# New CAAD 10 soon, wheel upgrade?



## ktc (Feb 18, 2012)

First, I'm new here and love all the Cannondale enthusiasts. I've ridden an M700 for over a decade, putting over 30K miles on it since new. Over the last several years I've gravitated more to road riding and run what are basically slick tires on this good old mountain bike. I've done a couple centuries on it and now I've decided to get serious about road riding and plan to even do some racing. I have my heart set on the new "Gulf" colored CAAD 10 Rival and plan to place an order this week after visiting the dealer today. They said it would be here in 5-6 weeks. I think the first thing I want to do is upgrade the wheels for better performance (and looks). With a wheel budget around a grand, give or take, what might you all recommend? I live in the NW burbs of Chicago (some hills and wind). What other upgrades would you recommend right off the bat? I know this is a great frame and I'll have the bike for years to come.

Thanks!


----------



## ktc (Feb 18, 2012)

I should add that handling/corning is very important to me, hence the immediate wheel upgrade.


----------



## CAADEL (Jul 23, 2011)

ktc said:


> I think the first thing I want to do is upgrade the wheels for better performance (and looks). With a wheel budget around a grand, give or take, what might you all recommend? I live in the NW burbs of Chicago (some hills and wind). *What other upgrades would you recommend right off the bat?*


For hilly and windy areas I would avoid aero or semi-aero wheels. So choose 24mm rims.

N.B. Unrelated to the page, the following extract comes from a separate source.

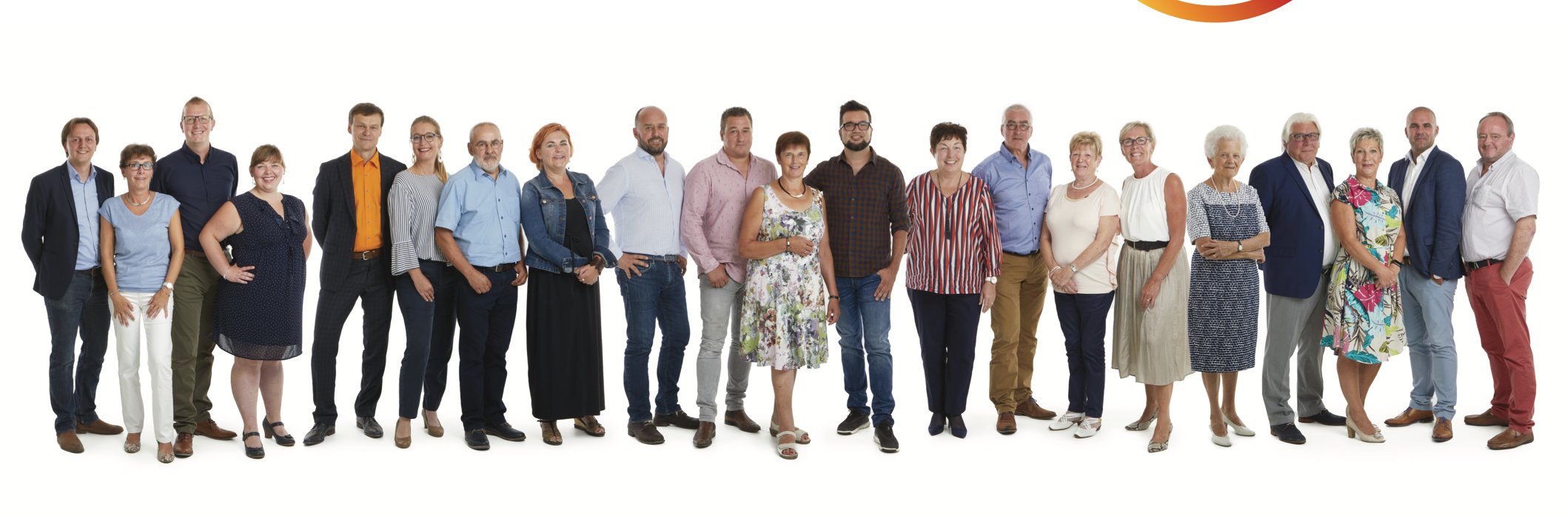 LijstSamen's profile banner image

My upgrades so far are the handlebar (smaller size), seatpost (0 offset) and a saddle (narrower). These 3 upgrades are basically for better fitting on the bike.


----------



## gus68 (Oct 19, 2010)

For the wheels, do you want to stick with a name brand (Mavic ect..) or would you be willing to look at some of botique builders? For me I think you get a better value with the small guys. Nuevation, BWW, revolution wheel works, boyds, people like that and I'm sure there a ton more.


----------



## tihsepa (Nov 27, 2008)

I am in the same area, same boat.

I use Fulcrum 5's on my CAAD10 and love them.


----------



## ktc (Feb 18, 2012)

At first I was thinking either SRAM S30 AL Gold or Zipp 101, but I'm also thinking I don't really need to spend that much. I'll definitely look into some of these other makes recommended!


----------



## jprv4pilot (Dec 22, 2011)

I love my Mavic Ksyrium SLs .... beautiful hubs and rims, light and bulletproof


----------



## sneakyracer (Dec 1, 2007)

Awesome bike btw!

I used a Similarly equipped Supersix for many thousands of miles and the SRAM Rival group is great. Only thing mine came with the BB30 Force crankset which is awesome and a worthy upgrade on your ride. Its significantly lighter and should be stiffer than the Rival. Everything else Rival is quite similar to Force so no need to upgrade. 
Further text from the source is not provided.